В спектакле «Пляска смерти» все персонажи представали перед нами неприкаянными — и особенно Курт — Авилов, который, словно камень, брошенный в трясину, лишь слегка поколебал верхний слой и ушел на дно. Виктор Авилов впервые играл подобную роль, естественно, что она захватила его, как может захватить человека деятельного, привыкшего на сцене и экране к действию, открытому жесту, «наблюдательная позиция» того, кто не в силах ничего изменить и сам поддается течению жизни.
Но вот что парадоксально: на другой сцене, в работе с другим режиссером Виктор Авилов выглядел несколько скованным. Опыта к тому времени ему было уже не занимать, но, вероятно, не возникло такого полного взаимопонимания и безоговорочного доверия к режиссеру. Он работал в полную силу, интересно, непривычно, но… подлинного открытия не произошло, нам не посчастливилось увидеть нового, незнакомого нам Авилова.
«Пляска смерти» шла нечасто, в паузах между спектаклями Виктор Авилов играл на Юго-Западе, много читал, думал о новых работах, по-прежнему мечтал снять художественный фильм. Определенных мечтаний о конкретных ролях у него, скорее всего, не было. Не случайно в нескольких интервью он говорил о том, что сыграл едва ли не все главные роли мирового театрального репертуара — Гамлета, Калигулу, Ланцелота, Мольера… Несколько раз с какой-то полуусмешкой заметил, что, наверное, пора бы ему задуматься о короле Лире, но очевидно было, что это — не всепоглощающая мечта, а так… размышление о возрасте и соответствующем ему репертуаре.
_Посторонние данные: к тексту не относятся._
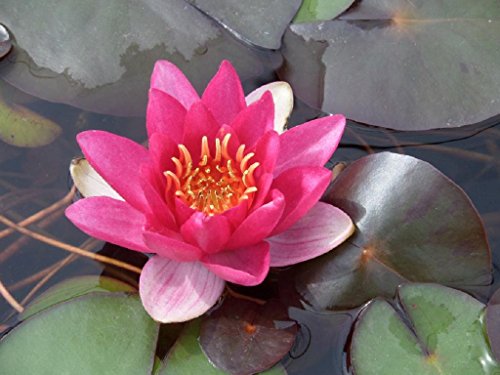 WASSERPFLANZEN WOLFF - Nymphaea 'James Brydon' im Pflanzkorb - Seerose, rot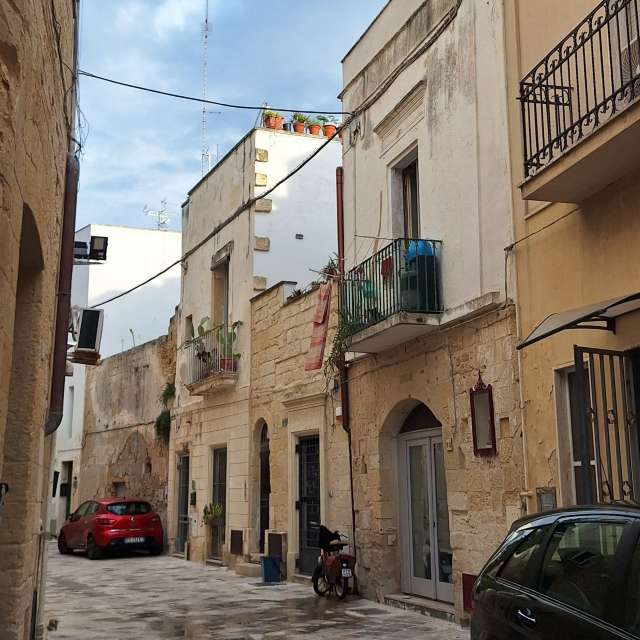 Previsões do tempo com lindas fotos de Silvesoft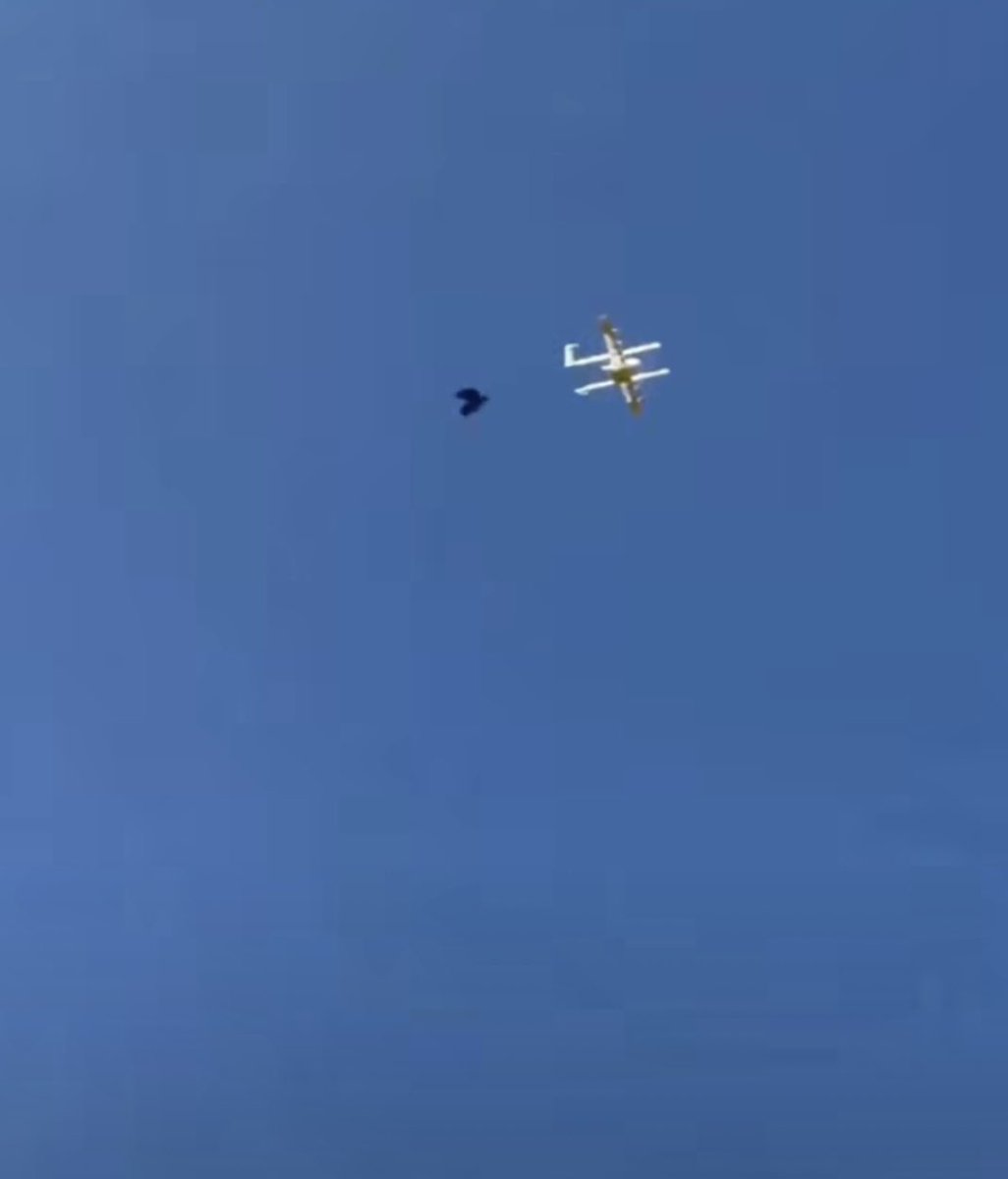 dronehito's tweet photo. 飛行中のドリフト機にカラスが攻撃❗️本当に攻撃するのですね。
#ドローン
#ドローン空撮
#ドローンスクール
#ドローン協会
#群馬県ドローン普及協会
#Hito企画ドローン事業部
#群馬県
#伊勢崎市
#鳥獣駆除 https://t.co/knmJv136z8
О возрасте он размышлял довольно много. «Если говорить о старости… обидно, что я буду старый, я не смогу легко двигаться, легко дышать… — говорил он в неопубликованном интервью, которое состоялось на пороге его сорокалетия. — Я не смогу ласкать женщин… Я уже не смогу, я многое потеряю… Многое теряешь… Конечно, жаль, когда приходит старость. Но со старостью, я надеюсь, я стану мудрее, умнее, больше буду понимать по жизни. Хотя все-таки все равно печально… Мольера я могу играть до самой смерти, правильно? Конечно, сейчас еще пройдет, я не знаю, лет десять, может быть, я подойду и скажу: „Романыч, хватит мне уже Гамлета играть. Хватит, давай поставим ‘Короля Лира’… А в этом спектакле я могу играть Полония“. Нет, Гамлета, конечно, можно довольно долго еще играть. Но все-таки мне кажется, это уже плохо, когда пятидесятилетний старик выходит играть Гамлета. И Офелия ему под стать. Есть спектакли, в которых актер может существовать, но если даже говорить об исторической достоверности — Калигулу убили в двадцать девять лет. И просто стыдно в пятьдесят лет его играть! Хотя нет, Калигулу можно… А я, наверное, подхожу к тому возрасту, что мы скоро поставим „Короля Лира“…».